Net voorbij de voordeur staat een altaartje. De rouwkaart erop wordt omringd door warme symboliek. Het batterijkaarsje verspreidt een lieflijk licht, het brandt dag en nacht. Het is troostend als je laat in de avond binnenkomt, voor de start van je nachtdienst. Naast de kaart staat een enkele bloem in een kleurig vaasje, een Maria beeldje maakt het plaatje compleet. Soms staat er één kaart op het altaartje, soms staan er meerdere.
Afscheid nemen hoort bij ons vak. Dat eindigt nooit. Het is er, dag na dag. Maandenlang. Jaren zelfs. Steeds opnieuw zien we mensen overlijden, staan we vooraan bij het verdriet van zoveel families. Iets meer aandacht voor die constante stroom van afscheid nemen, waar we steeds weer mee geconfronteerd worden, zou fijn zijn.

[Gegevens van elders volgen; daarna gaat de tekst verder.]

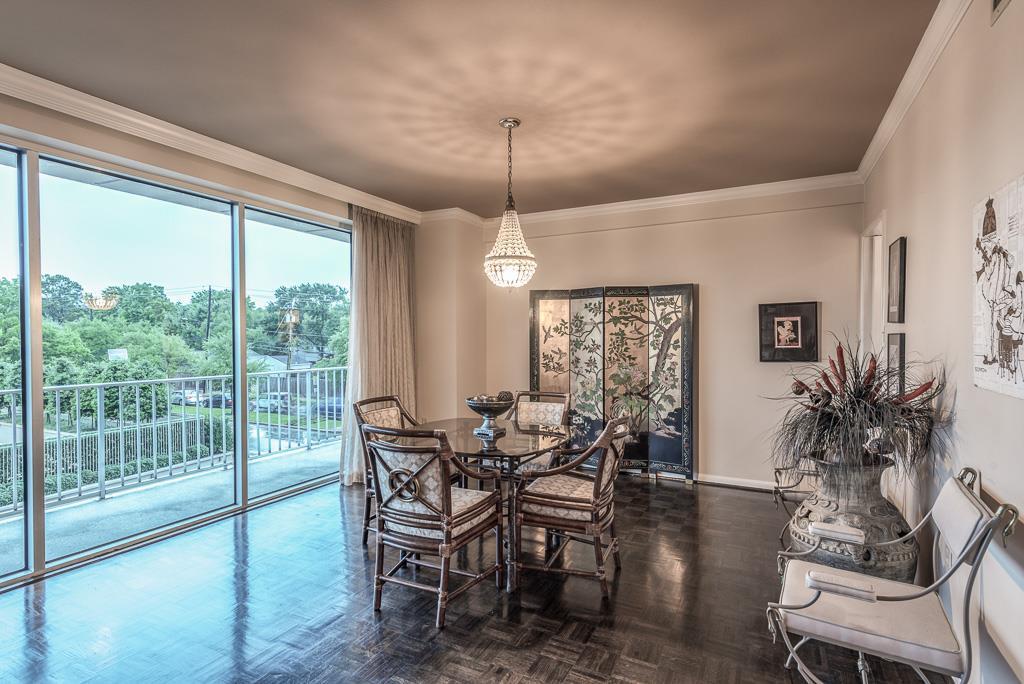2200 Willowick Road 2H, Houston, TX, 77027 | 29095441 | Realty Texas LLC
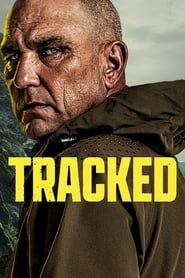 Tracked - Jagd durch die Wildnis series tv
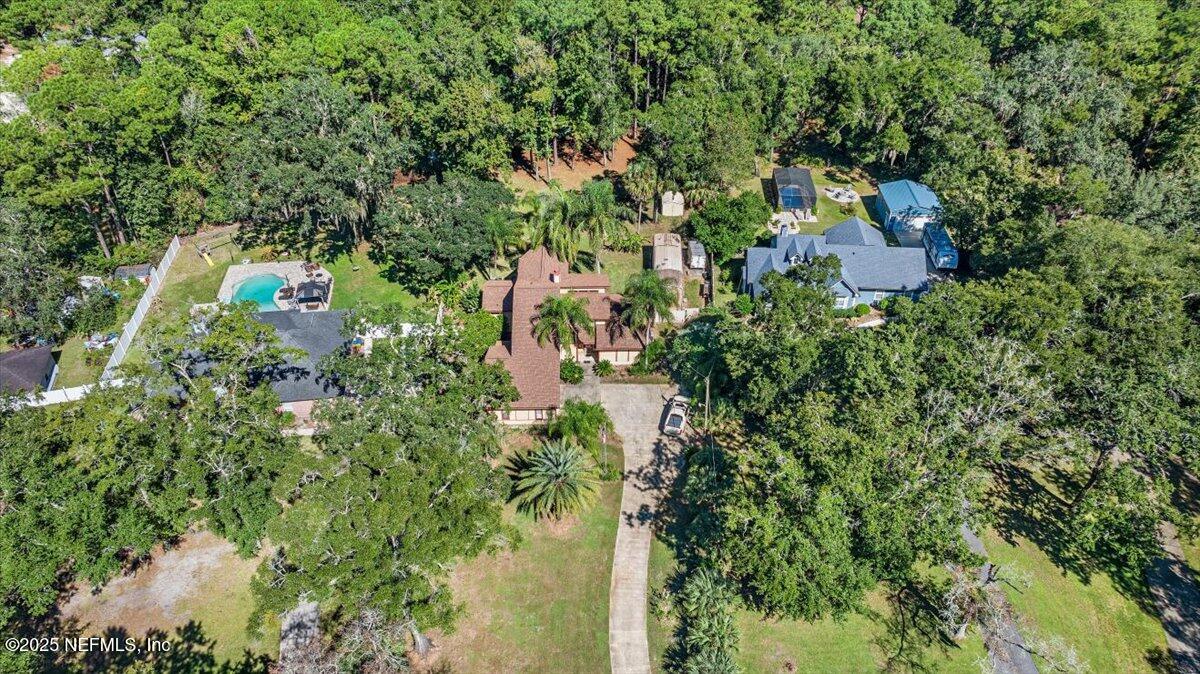 17330 ELSINORE Drive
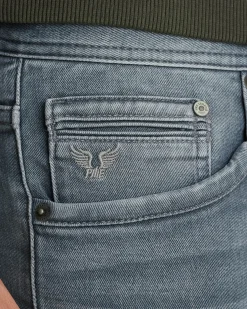 PME Legend Tailwheel Jeans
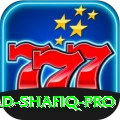 asad shafiq App Master v2.5.1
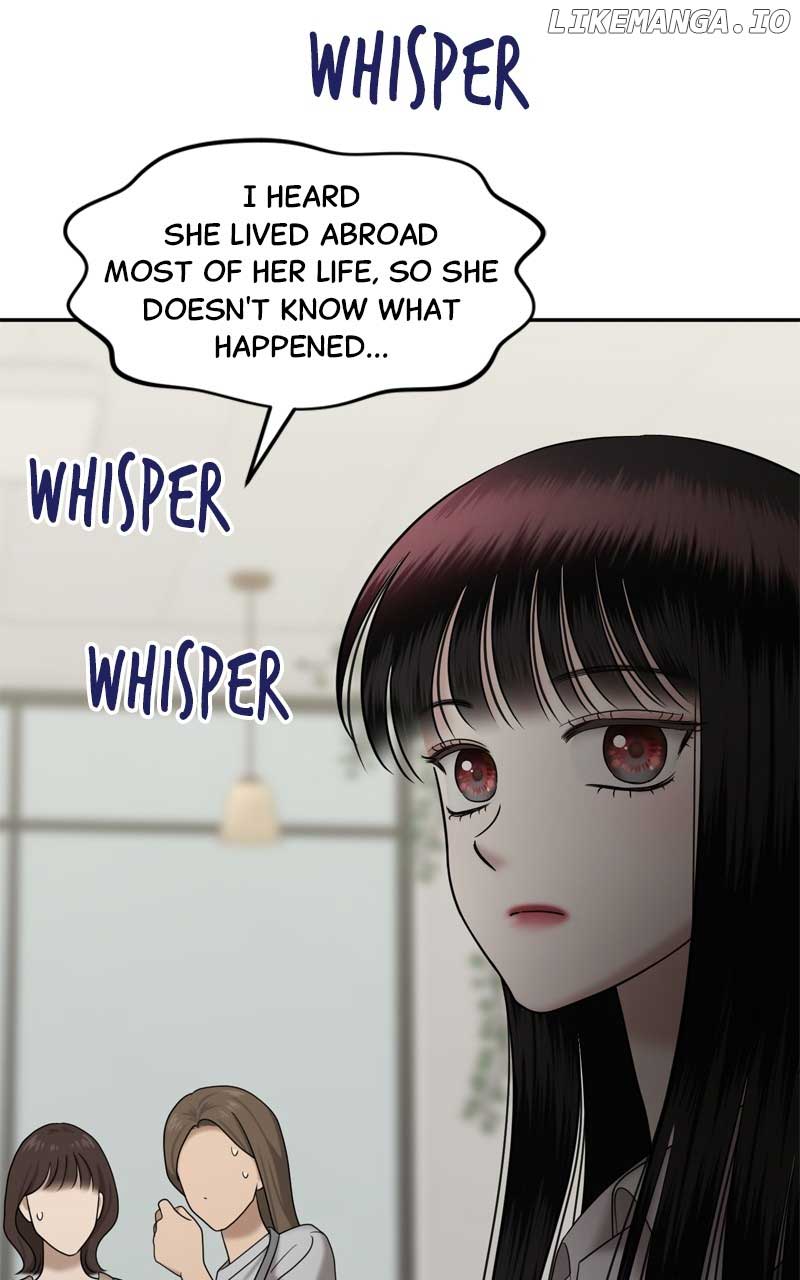 024
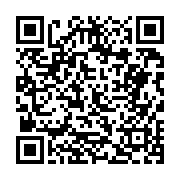 고시/공고 페이지 바로가기 주소(https://business.jangseong.go.kr/q/ezIyOHwyMjUxNHxzaG93fHBhZ2U9NTE4fQ==&e=M&s=3), QRCODE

Terugkijkend op mijn eigen werkleven realiseer ik me dat al dat afscheid nemen voor mij best weleens pittig was. Vooral omdat ik zo’n zacht ei ben, denk ik. Die eenzame dood, die ik van nabij meemaakte, of de bruutheid van sommige overlijdens, gingen onder mijn huid zitten.
Veel van die emotie schreef ik van me af.
Het heelde me.
Afscheid nemen
Ik denk nu vooral aan de collega’s die steeds opnieuw een andere rouwkaart op het altaartje moeten zetten. Soms meerdere tegelijk. Die elke dag warme zorg verlenen, oprechte aandacht hebben voor een zorgvuldig afscheid, ook al is het door omstandigheden soms ingewikkeld. Die schouder aan schouder staan bij weer een uitgeleide. En ook al weten we dat het erbij hoort, het doet wat met je.
Ik realiseer me tegelijkertijd hoe weinig aandacht er is voor hun welzijn. Ik weet uit ervaring dat gebeurtenissen rond blijven zingen in je hoofd, of dat het je midden in de nacht uit je slaap haalt. Dat het je bang maakt, voor de streken die het leven met sommige van ons uithaalt. In een vingerknip staat alles op zijn kop.
Ik durf te beweren dat het onderschat wordt, wat het met je doet.